Un hecho que apoya otra teoría que sostiene que besarse es una acción mas aprendida que instintiva, es que además de ejemplos históricos de culturas que no se besan con propósitos románticos, hoy en día el 10 % de los humanos no se besan en lo mas mínimo. 
Aun así 90 % de nosotros si. Pero, pensarías que hemos evolucionado lo suficiente como para no seguir intercambiando mas gérmenes de los necesarios, ¿no?




Pues, además de toda esta teoría de la alimentación, existe otra que dice que sin importarnos el riesgo de adquirir una enfermedad por contagio, el besarnos nos ayuda a “olfatear” los mejores genes posibles. Existen algunas culturas en las que las bocas no tienen contacto y los besos se dan mediante el roce de las mejillas o la nariz. Cuando dos personas están lo suficientemente cerca como para besarse,  son capaces de oler las feromonas de el otro y esto manda una alerta química a su cerebro sobre si vale la pena o no continuar. Básicamente, a nivel subconsciente, decidimos si nuestros genes son compatibles con los del nuestro compañero y así creamos bebés menos propensos a enfermedades. 

Una vez dicho esto, es interesante notar que hay estudios que han demostrado que, aunque a todos nos gusta besar, en general los hombres tienden a besar mas a menudo antes de un encuentro sexual (que es cuando se da el intercambio de material genético) y las mujeres después (cuando la función es promover la unión y la identificación) .


Además resulta que, las hormonas que tu cuerpo libera durante una sesión de besos, cambia dependiendo la etapa de tu relación. Besar a un compañero nuevo estimula la liberación de dopamina, que crea este sentimiento de “amor nuevo” que casi todos conocemos, esta sensación de excitación y deseo (y estupidez). Por otro lado, tu cerebro libera oxitocina cuando has estado besando a un mismo compañero durante cierto tiempo, y esto proporciona unión, intimidad y la capacidad para aventarte interminables jornadas de comida y películas con una misma persona.

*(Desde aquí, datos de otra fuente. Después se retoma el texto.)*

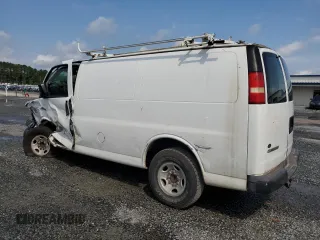 2007 Chevrolet Express Cargo z VIN 1GCHG35U871114506, wystawiony jako Copart lot #72678544 z przebiegiem 272 970 mil mil oraz Szkoda całkowita • Salvage title. Historia ofert i sprzedaży dostępna na DreamBid. Obrazek 2.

Como bonus extra, se ha encontrado que en las culturas en las que besar es común, las parejas de larga duración que se besan regularmente han demostrado tener relaciones mas sanas y satisfactorias que aquellas que no.


Así que, además de todo el alboroto químico y las teorías científicas y evolutivas que giran alrededor del acto de besar, es un hecho que nuestros labios y nuestro cuerpo en general, está llenos de terminales nerviosas que se estimulan con el contacto de aquellos que nos atraen. Tan es así, que todo ese intercambio microbiano nos causa un enorme placer y de paso, hasta ayuda a reforzar nuestro sistema inmunológico.